Escaping the Big Data Paradigm with Compact Transformers (2104.05704v4)

Published 12 Apr 2021 in cs.CV and cs.LG

Abstract: With the rise of Transformers as the standard for language processing, and their advancements in computer vision, there has been a corresponding growth in parameter size and amounts of training data. Many have come to believe that because of this, transformers are not suitable for small sets of data. This trend leads to concerns such as: limited availability of data in certain scientific domains and the exclusion of those with limited resource from research in the field. In this paper, we aim to present an approach for small-scale learning by introducing Compact Transformers. We show for the first time that with the right size, convolutional tokenization, transformers can avoid overfitting and outperform state-of-the-art CNNs on small datasets. Our models are flexible in terms of model size, and can have as little as 0.28M parameters while achieving competitive results. Our best model can reach 98% accuracy when training from scratch on CIFAR-10 with only 3.7M parameters, which is a significant improvement in data-efficiency over previous Transformer based models being over 10x smaller than other transformers and is 15% the size of ResNet50 while achieving similar performance.
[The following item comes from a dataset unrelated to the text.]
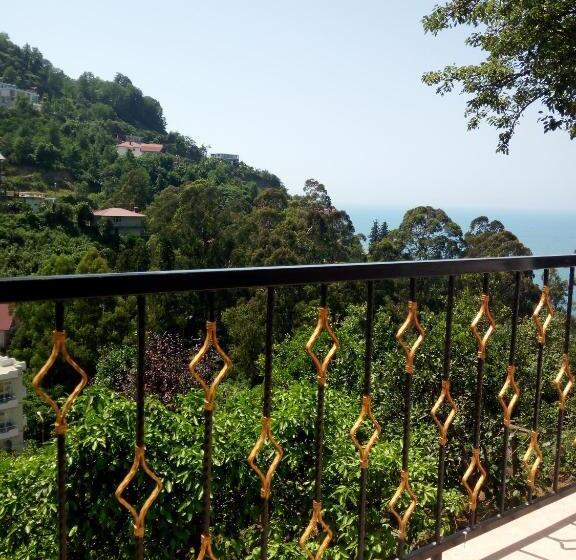 اتاق استاندارد چهار تخته با چشم‌انداز دریا, Small Guest House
CCT also outperforms many modern CNN based approaches, and even some recent NAS-based approaches. Additionally, we obtain a new SOTA result on Flowers-102 with 99.76% top-1 accuracy, and improve upon the existing baseline on ImageNet (82.71% accuracy with 29% as many parameters as ViT), as well as NLP tasks. Our simple and compact design for transformers makes them more feasible to study for those with limited computing resources and/or dealing with small datasets, while extending existing research efforts in data efficient transformers. Our code and pre-trained models are publicly available at https://github.com/SHI-Labs/Compact-Transformers.

PDF Abstract

Overview of "Escaping the Big Data Paradigm with Compact Transformers"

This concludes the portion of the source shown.